* _Recorded information_
○ ○ ○ ○ ○

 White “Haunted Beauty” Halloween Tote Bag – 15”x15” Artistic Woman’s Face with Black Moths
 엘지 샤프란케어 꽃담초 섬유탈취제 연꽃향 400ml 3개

○ ○ ○ ○ ○

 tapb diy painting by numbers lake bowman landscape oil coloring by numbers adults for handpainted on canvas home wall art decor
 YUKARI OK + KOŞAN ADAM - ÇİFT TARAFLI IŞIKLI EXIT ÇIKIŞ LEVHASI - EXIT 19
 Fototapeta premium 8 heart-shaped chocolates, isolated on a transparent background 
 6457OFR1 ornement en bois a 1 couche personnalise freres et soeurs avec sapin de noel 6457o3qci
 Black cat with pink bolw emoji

○ ○ ○ ○ ○

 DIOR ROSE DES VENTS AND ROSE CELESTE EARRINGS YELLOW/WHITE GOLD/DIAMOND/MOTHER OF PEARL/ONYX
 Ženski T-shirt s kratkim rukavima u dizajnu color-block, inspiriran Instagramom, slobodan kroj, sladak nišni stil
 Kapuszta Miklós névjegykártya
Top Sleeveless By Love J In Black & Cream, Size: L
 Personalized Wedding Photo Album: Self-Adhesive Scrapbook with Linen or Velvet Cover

○ ○ ○ ○ ○

* _Your assignment_
Given the data above, transcribe exactly the lines from the one containing "6457OFR1 ornement en" down to the one containing "Black cat with pink bolw emoji", and no others.

* _Output below_
 6457OFR1 ornement en bois a 1 couche personnalise freres et soeurs avec sapin de noel 6457o3qci
 Black cat with pink bolw emoji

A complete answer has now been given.